In meiner Ausbildung zum Heilerziehungsassistent bin ich unter anderem in der Nachschulbetreuung für Kinder und Jugendliche mit Beeinträchtigungen tätig. Ich liebe es, mit Menschen umzugehen. Für mich ist es jeden Tag etwas Neues, wie sie die Welt wahrnehmen und was sie interessiert.

Wenn ich von meiner Ausbildung erzähle, höre ich sehr oft den Satz „das könnte ich nicht“. Ich bekomme aber auch viel Bewunderung für meinen Beruf, Respekt und Verständnis.

Meine Mutter ist seit über zehn Jahren in diesem Beruf tätig, ich bin damit großgeworden und war schon als Kind hin und wieder mit dabei. Daher war für mich früh klar, dass auch ich in diesen Beruf gehen werde. Richtig sicher wusste ich es bereits mit 13, 14 Jahren, als ich mich für ein erstes Praktikum beworben habe. Und die Ausbildung ist genau das, was ich erwartet habe.

Eine große Herausforderung in der Ausbildung ist vermutlich, dass ich sehr sensibel sein muss mit den sehr unterschiedlichen Betreuten und ihren Stimmungen. Ich versuche dabei immer, niemandem von oben herab begegnen.

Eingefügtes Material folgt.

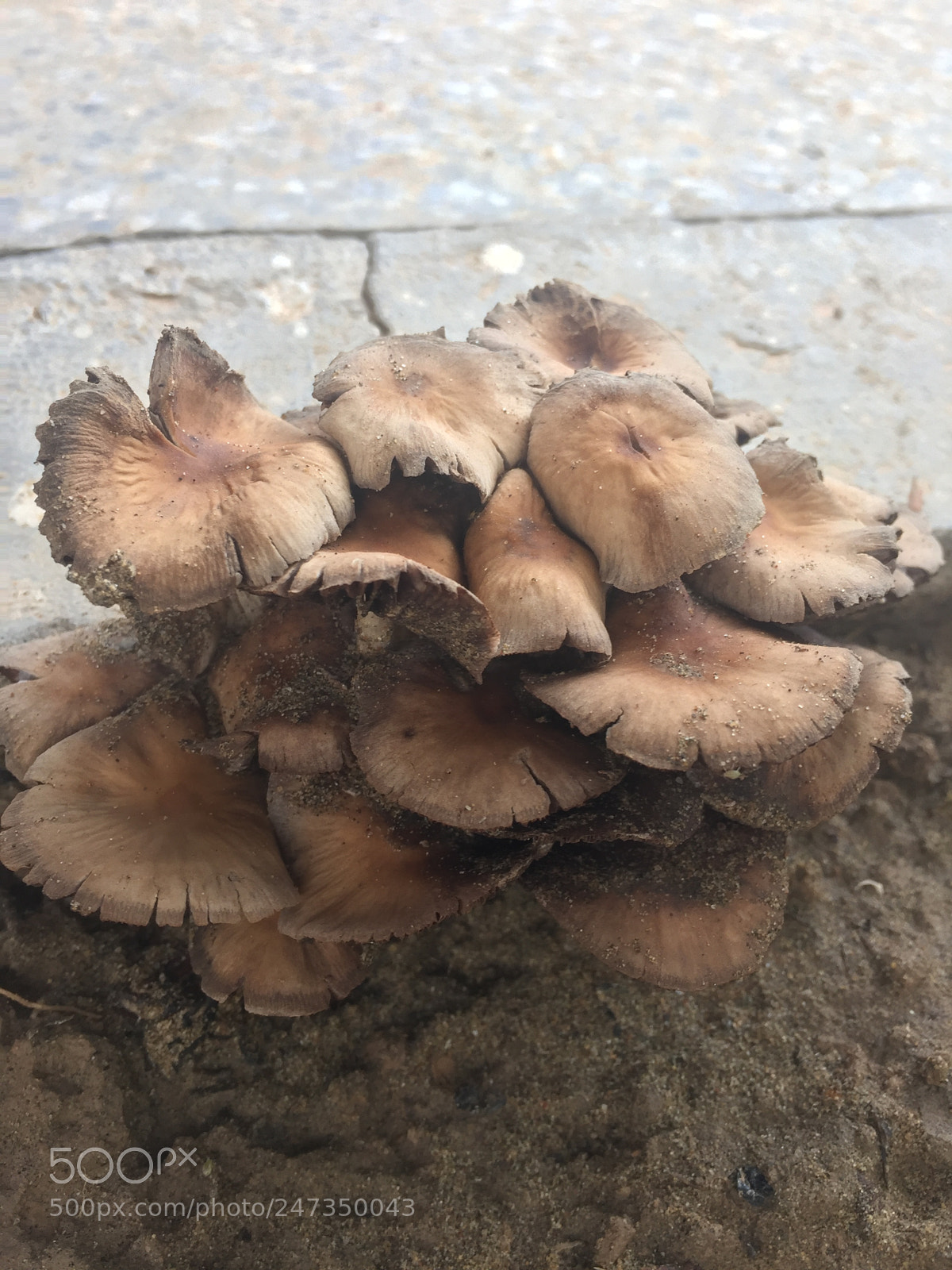 Apple iPhone 6 Plus sample photo. Mushroom photography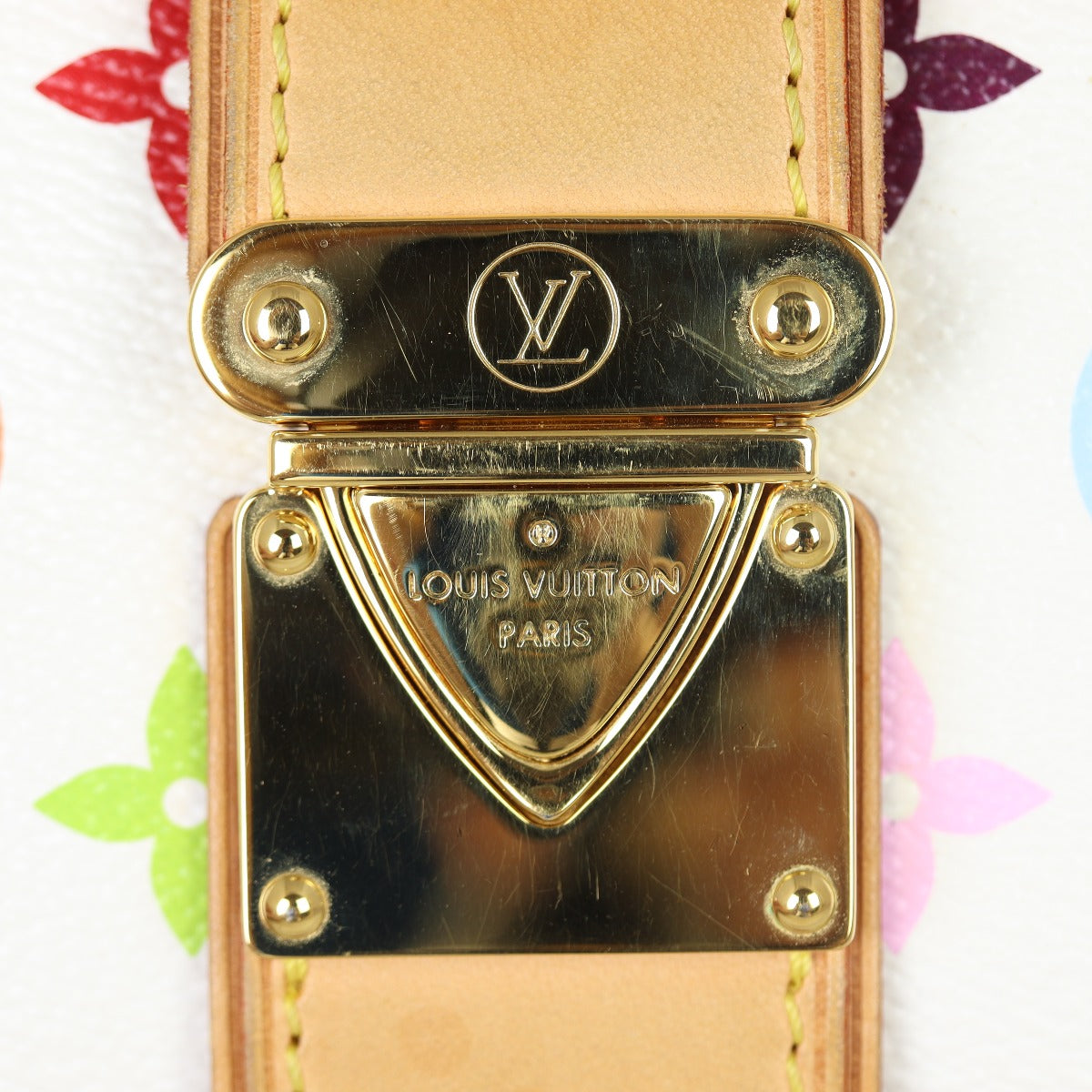 Louis Vuitton Shirley Monogram Multicolore
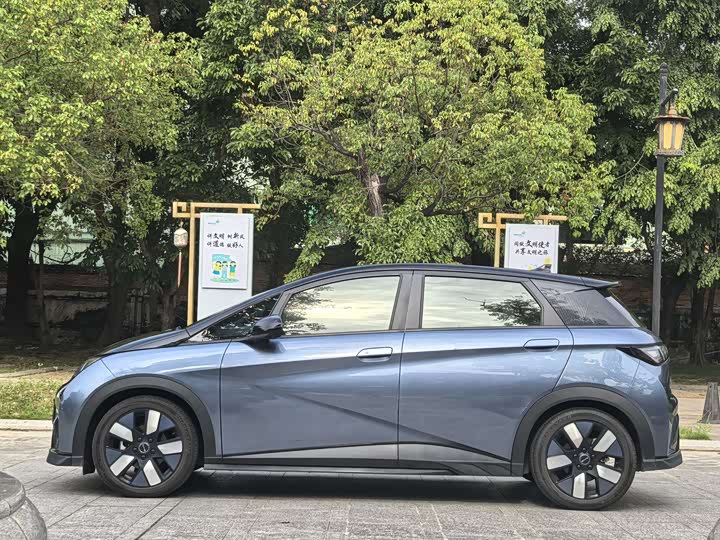 Фото 6 - BYD Dolphin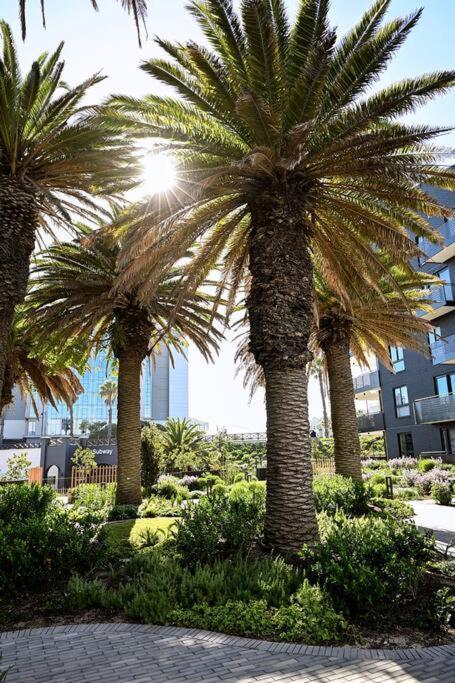Appartement Bgs Luxury -two-bed -nine Palms *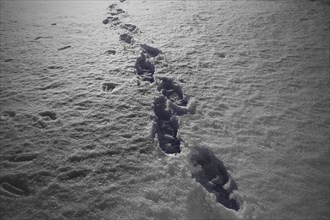Footprints in Snow at Night
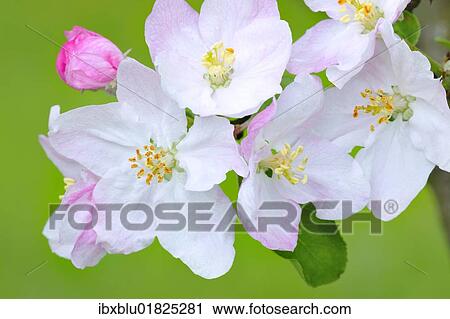 Stock Image - Apple blossoms. Fotosearch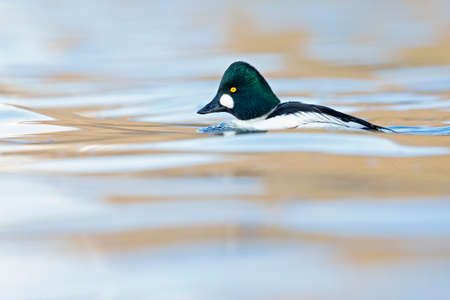A male adult goldeneye (Bucephala clangula) swimming in a lake on a cold sunny day.の写真素材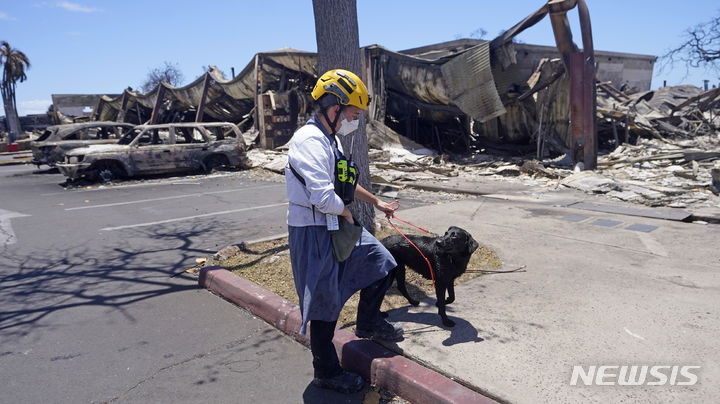 [AP/뉴시스] 덤불화재가 큰 산불로 커진 미 하와이주 마우이섬에서 화재발생 만 4일이 지난 12일 한 수색대원이 시신 탐색견을 끌고 화재 진원지이자 최대 피해지인 라하이나시를 걷고있다. 12일 밤(현지시간) 현재 사망자는 93명이다. 2023. 08. 13.&nbsp;&nbsp;&nbsp;&nbsp; 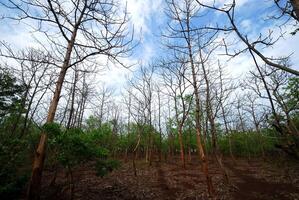 Beautiful Landscape with trees photo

Ein besonders positives Erlebnis habe ich gut in Erinnerung: In der Ferienbetreuung hatte ich schon mit einem Kind zu tun, grob vereinfacht würde man wohl sagen, dass es sehr „wild“ war. Für mich war es schön zu erleben, wie dieses Kind sofort mit mir klarkam und wir uns gut verstanden haben. Ich würde sagen, dass die offene Kommunikation von Menschen mit Beeinträchtigung manchmal besser ist als die von Menschen ohne.